La docente d’italiano è stata accusata di non aver vigilato sull’attività dei suoi studenti che in un video hanno accostato il Decreto Sicurezza di Matteo Salvini alle leggi razziali fasciste. 15 giorni di sospensione e stipendio dimezzato è la pena comunicata dal Provveditorato all’istruzione della provincia di Palermo.

E’ bastato un evento facebook pubblicato ieri sera e un semplice passaparola per far scattare la mobilitazione.
“No alla censura nelle scuole”, “Liberi di pensare con la nostra testa”, “La scuola non è una caserma”sono le frasi scritte sugli striscioni preparati ad hoc dagli studenti ed esposti durante il presidio.

“Per ogni sospensione, per ogni abuso pagherete caro pagherete tutto”, “Le nostre scuole non sono caserme, la cultura non si arrende” sono i cori che a gran voce vengono urlati. Presente anche il sindaco di Palermo Leoluca Orlando.

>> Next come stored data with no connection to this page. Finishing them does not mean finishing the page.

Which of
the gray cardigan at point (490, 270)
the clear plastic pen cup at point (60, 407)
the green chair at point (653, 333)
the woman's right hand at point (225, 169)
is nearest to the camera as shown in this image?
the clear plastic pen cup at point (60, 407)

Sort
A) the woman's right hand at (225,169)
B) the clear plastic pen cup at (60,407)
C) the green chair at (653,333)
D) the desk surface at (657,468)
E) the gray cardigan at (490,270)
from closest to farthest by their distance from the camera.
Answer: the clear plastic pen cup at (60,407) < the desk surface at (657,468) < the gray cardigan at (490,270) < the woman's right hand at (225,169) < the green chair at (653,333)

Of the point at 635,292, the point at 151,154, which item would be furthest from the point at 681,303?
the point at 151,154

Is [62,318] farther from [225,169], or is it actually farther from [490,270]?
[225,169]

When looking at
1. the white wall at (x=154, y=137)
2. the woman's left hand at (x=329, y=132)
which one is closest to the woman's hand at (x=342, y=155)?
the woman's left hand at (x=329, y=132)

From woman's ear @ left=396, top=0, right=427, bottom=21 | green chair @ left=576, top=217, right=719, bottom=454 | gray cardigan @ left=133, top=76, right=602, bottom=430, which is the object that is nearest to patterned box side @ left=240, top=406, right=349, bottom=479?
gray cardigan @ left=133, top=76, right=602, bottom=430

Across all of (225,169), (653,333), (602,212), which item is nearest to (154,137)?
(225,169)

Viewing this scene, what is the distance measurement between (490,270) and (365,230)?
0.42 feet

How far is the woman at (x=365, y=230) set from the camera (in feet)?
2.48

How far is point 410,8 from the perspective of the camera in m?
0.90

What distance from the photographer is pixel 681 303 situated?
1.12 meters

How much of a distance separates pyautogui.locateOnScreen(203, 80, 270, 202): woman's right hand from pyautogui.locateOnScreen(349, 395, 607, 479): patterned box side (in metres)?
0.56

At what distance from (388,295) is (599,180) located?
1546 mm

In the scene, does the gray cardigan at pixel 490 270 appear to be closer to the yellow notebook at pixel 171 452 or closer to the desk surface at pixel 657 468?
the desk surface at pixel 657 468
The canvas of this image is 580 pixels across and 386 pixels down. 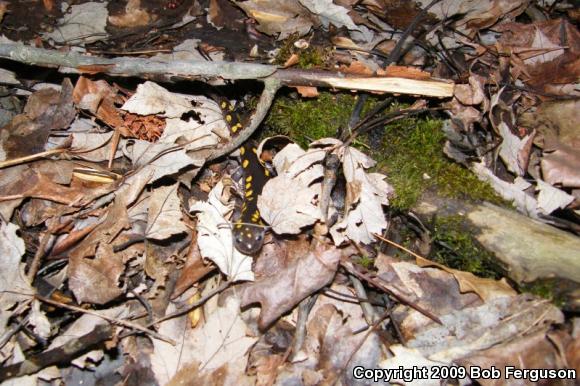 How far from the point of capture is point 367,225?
3.52 meters

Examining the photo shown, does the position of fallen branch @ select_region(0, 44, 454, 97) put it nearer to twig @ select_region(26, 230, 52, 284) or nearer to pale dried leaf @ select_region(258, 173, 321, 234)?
pale dried leaf @ select_region(258, 173, 321, 234)

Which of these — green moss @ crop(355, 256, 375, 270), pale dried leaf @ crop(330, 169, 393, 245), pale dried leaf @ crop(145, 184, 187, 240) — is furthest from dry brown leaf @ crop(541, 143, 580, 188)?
pale dried leaf @ crop(145, 184, 187, 240)

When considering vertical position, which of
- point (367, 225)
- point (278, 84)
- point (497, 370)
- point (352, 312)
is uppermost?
point (278, 84)

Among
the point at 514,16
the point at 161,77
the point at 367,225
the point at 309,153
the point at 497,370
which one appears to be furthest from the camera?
the point at 514,16

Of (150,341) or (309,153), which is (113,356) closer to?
(150,341)

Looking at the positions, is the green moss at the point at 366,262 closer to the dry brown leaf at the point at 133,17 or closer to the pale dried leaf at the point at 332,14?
the pale dried leaf at the point at 332,14

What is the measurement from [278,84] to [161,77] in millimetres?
1306

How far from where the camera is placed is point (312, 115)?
155 inches

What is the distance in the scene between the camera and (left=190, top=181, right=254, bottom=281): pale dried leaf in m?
3.44

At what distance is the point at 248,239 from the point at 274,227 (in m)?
0.25

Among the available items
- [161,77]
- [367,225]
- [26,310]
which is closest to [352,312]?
[367,225]

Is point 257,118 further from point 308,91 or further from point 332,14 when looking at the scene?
point 332,14

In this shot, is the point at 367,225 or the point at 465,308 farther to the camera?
the point at 367,225

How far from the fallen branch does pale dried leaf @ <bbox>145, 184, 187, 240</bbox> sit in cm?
108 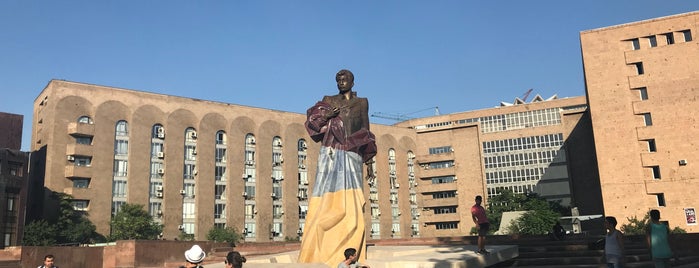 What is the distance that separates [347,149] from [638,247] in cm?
1037

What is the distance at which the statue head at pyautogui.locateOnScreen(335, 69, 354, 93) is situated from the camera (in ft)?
47.4

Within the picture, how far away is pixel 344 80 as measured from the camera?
570 inches

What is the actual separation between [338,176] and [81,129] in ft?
148

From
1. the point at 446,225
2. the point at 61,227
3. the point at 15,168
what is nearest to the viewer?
the point at 15,168

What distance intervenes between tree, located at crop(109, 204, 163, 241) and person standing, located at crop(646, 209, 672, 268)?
45.1 m

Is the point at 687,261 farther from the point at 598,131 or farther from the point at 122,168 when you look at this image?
the point at 122,168

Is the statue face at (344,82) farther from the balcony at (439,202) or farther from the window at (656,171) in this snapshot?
the balcony at (439,202)

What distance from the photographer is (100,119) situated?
5331cm

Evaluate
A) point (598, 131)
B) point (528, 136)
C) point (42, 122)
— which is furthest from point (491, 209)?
point (42, 122)

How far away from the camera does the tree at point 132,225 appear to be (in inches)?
1892

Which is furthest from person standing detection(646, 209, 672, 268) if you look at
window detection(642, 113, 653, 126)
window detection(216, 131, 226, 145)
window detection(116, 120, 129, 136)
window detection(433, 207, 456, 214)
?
window detection(433, 207, 456, 214)

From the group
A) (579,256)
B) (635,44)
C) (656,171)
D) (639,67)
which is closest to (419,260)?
(579,256)

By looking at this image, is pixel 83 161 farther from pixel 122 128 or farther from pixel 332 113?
pixel 332 113

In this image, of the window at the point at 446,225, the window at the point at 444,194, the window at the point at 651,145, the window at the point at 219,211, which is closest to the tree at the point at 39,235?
the window at the point at 219,211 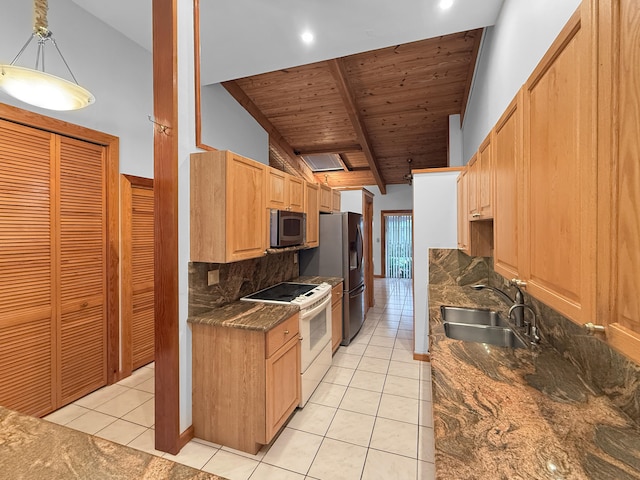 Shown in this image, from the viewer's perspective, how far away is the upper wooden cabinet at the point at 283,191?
2.50 meters

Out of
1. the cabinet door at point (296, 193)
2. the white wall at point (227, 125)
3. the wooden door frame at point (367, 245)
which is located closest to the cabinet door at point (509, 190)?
the cabinet door at point (296, 193)

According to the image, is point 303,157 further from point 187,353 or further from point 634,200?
point 634,200

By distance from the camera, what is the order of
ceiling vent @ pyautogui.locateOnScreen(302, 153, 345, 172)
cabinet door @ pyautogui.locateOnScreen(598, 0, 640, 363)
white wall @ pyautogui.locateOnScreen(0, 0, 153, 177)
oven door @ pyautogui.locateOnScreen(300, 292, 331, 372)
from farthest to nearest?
ceiling vent @ pyautogui.locateOnScreen(302, 153, 345, 172) → oven door @ pyautogui.locateOnScreen(300, 292, 331, 372) → white wall @ pyautogui.locateOnScreen(0, 0, 153, 177) → cabinet door @ pyautogui.locateOnScreen(598, 0, 640, 363)

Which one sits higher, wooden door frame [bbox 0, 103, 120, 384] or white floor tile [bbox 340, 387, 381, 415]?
wooden door frame [bbox 0, 103, 120, 384]

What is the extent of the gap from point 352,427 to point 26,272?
2710mm

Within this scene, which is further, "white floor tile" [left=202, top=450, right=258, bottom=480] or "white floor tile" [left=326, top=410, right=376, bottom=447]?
"white floor tile" [left=326, top=410, right=376, bottom=447]

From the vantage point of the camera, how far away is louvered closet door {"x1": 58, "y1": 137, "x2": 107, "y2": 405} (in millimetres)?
2412

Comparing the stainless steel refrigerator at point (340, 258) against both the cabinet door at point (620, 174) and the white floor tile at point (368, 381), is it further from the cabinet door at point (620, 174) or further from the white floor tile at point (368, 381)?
the cabinet door at point (620, 174)

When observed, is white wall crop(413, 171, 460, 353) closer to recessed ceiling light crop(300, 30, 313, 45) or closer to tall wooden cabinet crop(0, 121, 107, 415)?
recessed ceiling light crop(300, 30, 313, 45)

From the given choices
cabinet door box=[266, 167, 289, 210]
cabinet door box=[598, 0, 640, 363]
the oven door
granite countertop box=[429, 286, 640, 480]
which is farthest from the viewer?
cabinet door box=[266, 167, 289, 210]

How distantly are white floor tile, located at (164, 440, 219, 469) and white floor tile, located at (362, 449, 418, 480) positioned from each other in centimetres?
101

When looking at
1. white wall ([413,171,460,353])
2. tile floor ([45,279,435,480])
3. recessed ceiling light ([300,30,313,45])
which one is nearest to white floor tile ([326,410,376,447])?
tile floor ([45,279,435,480])

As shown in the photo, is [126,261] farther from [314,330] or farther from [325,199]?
[325,199]

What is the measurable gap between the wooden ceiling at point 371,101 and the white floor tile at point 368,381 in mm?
3846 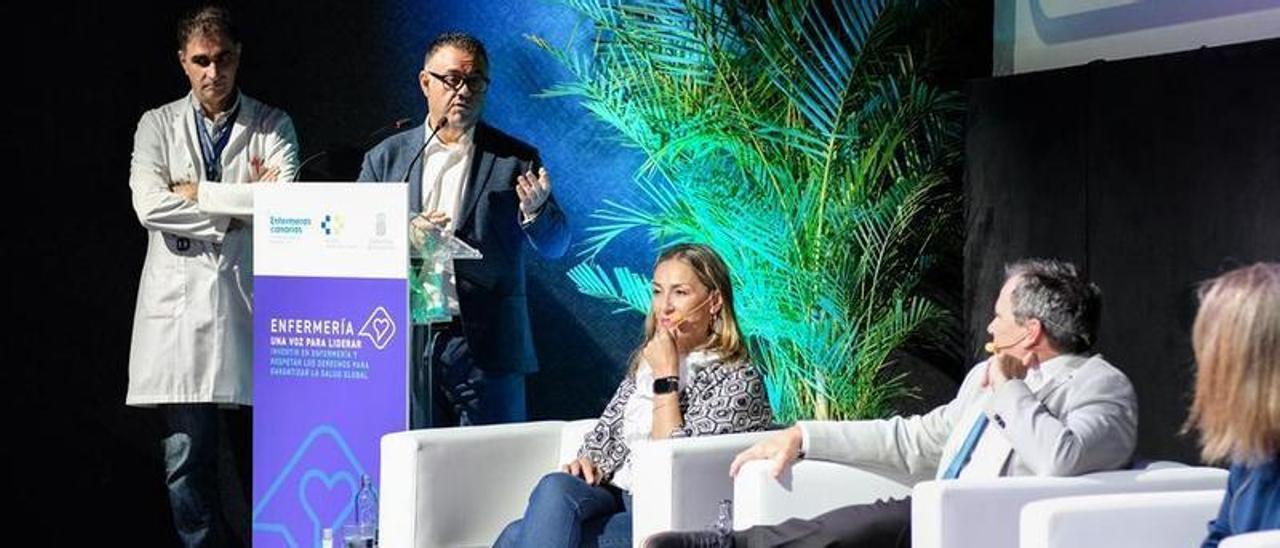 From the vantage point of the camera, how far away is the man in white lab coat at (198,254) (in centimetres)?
650

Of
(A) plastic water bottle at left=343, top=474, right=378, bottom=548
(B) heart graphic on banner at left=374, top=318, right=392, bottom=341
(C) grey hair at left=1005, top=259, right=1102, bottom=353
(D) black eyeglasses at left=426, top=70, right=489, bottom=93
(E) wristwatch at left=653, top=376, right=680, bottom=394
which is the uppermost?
(D) black eyeglasses at left=426, top=70, right=489, bottom=93

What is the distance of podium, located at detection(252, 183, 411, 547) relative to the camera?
18.4 ft

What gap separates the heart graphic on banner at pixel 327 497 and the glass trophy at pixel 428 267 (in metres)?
0.52

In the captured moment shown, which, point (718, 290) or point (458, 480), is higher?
point (718, 290)

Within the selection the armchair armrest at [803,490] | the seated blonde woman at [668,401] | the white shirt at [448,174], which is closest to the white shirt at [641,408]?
the seated blonde woman at [668,401]

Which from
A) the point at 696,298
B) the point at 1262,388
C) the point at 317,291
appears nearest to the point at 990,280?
the point at 696,298

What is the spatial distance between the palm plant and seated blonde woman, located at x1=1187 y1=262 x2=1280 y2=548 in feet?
12.2

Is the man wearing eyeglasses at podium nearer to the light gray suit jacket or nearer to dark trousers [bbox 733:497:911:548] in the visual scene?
dark trousers [bbox 733:497:911:548]

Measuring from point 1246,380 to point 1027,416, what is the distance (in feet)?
2.84

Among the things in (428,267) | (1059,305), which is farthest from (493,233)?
(1059,305)

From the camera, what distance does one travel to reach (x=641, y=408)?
18.0ft

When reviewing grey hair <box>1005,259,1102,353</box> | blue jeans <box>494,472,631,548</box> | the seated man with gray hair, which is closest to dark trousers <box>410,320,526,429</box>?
blue jeans <box>494,472,631,548</box>

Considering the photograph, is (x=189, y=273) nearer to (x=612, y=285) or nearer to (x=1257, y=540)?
(x=612, y=285)

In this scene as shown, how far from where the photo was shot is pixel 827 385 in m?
7.41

“Non è la prima volta che, con Salvini al governo, in Italia si verificano censure e, sopratutto, non è la prima volta che, con Salvini al governo, viene intimidito il mondo della scuola e minata la libertà di parola, pensiero e critica” scrivono in una nota i manifestanti.

“Ciò che è avvenuto a Palermo è sintomatico della situazione politica del Paese: è un campanello d’allarme da non sottovalutare, anzi! Questa sospensione, inferta per mano del provveditorato all’istruzione della provincia di Palermo, rappresenta – scrivono ancora – la volontà politica del Ministro dell’Interno Matteo Salvini di limitare la libertà di parola di studenti e professori.

“Dopo il decreto Scuole Sicure che mira a far diventare le scuole delle vere e proprie caserme in cui siamo costantemente controllati da telecamere e polizia, arriva pure la censura per chi non è allineato alla politica del Ministro padano. Con questo presidio vogliamo manifestare in maniera tangibile la nostra solidarietà alla professoressa e ai suoi studenti, è importante opporsi per impedire che azioni come queste diventino la normalità. Pretendiamo che la sospensione venga immediatamente revocata affinché possa essere ristabilita la sacrosanta libertà di espressione nelle scuole palermitane” afferma Ludovica Di Prima, portavoce del coordinamento Studenti Autonomi Palermitani.

Poco dopo i manifestanti hanno deciso di raggiungere in corteo l’Istituto Vittorio Emanuele III per ricongiungersi ad un altro sit in di solidarietà all’insegnante indetto dai colleghi e dai sindacati proprio davanti la scuola di via duca della Verdura

Nelle ultime 24 ore, inoltre sono state raccolte oltre 25mila firme attraverso una petizione on line che chiede la revoca del provvedimento disciplinare.